What the exercise asks: Every record must be restated exactly as written.

Scraped caption text data:
--------------------------------
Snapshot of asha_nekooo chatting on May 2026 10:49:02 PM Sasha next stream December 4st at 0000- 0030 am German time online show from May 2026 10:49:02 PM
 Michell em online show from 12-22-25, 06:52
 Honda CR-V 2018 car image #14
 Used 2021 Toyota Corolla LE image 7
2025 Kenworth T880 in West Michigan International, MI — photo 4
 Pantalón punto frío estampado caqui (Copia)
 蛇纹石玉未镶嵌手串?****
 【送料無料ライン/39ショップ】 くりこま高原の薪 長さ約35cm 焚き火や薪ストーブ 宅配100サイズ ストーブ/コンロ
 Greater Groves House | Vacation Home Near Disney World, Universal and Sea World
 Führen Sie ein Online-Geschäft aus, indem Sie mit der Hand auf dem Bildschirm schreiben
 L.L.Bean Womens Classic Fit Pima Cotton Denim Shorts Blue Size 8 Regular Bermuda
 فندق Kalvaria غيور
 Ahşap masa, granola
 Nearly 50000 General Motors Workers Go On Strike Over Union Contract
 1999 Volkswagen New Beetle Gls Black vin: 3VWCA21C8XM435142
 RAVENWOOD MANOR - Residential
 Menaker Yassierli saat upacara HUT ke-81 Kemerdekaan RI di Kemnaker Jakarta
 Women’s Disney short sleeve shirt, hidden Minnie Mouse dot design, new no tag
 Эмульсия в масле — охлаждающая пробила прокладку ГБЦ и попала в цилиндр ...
--------------------------------
Written answer:
Snapshot of asha_nekooo chatting on May 2026 10:49:02 PM Sasha next stream December 4st at 0000- 0030 am German time online show from May 2026 10:49:02 PM
 Michell em online show from 12-22-25, 06:52
 Honda CR-V 2018 car image #14
 Used 2021 Toyota Corolla LE image 7
2025 Kenworth T880 in West Michigan International, MI — photo 4
 Pantalón punto frío estampado caqui (Copia)
 蛇纹石玉未镶嵌手串?****
 【送料無料ライン/39ショップ】 くりこま高原の薪 長さ約35cm 焚き火や薪ストーブ 宅配100サイズ ストーブ/コンロ
 Greater Groves House | Vacation Home Near Disney World, Universal and Sea World
 Führen Sie ein Online-Geschäft aus, indem Sie mit der Hand auf dem Bildschirm schreiben
 L.L.Bean Womens Classic Fit Pima Cotton Denim Shorts Blue Size 8 Regular Bermuda
 فندق Kalvaria غيور
 Ahşap masa, granola
 Nearly 50000 General Motors Workers Go On Strike Over Union Contract
 1999 Volkswagen New Beetle Gls Black vin: 3VWCA21C8XM435142
 RAVENWOOD MANOR - Residential
 Menaker Yassierli saat upacara HUT ke-81 Kemerdekaan RI di Kemnaker Jakarta
 Women’s Disney short sleeve shirt, hidden Minnie Mouse dot design, new no tag
 Эмульсия в масле — охлаждающая пробила прокладку ГБЦ и попала в цилиндр ...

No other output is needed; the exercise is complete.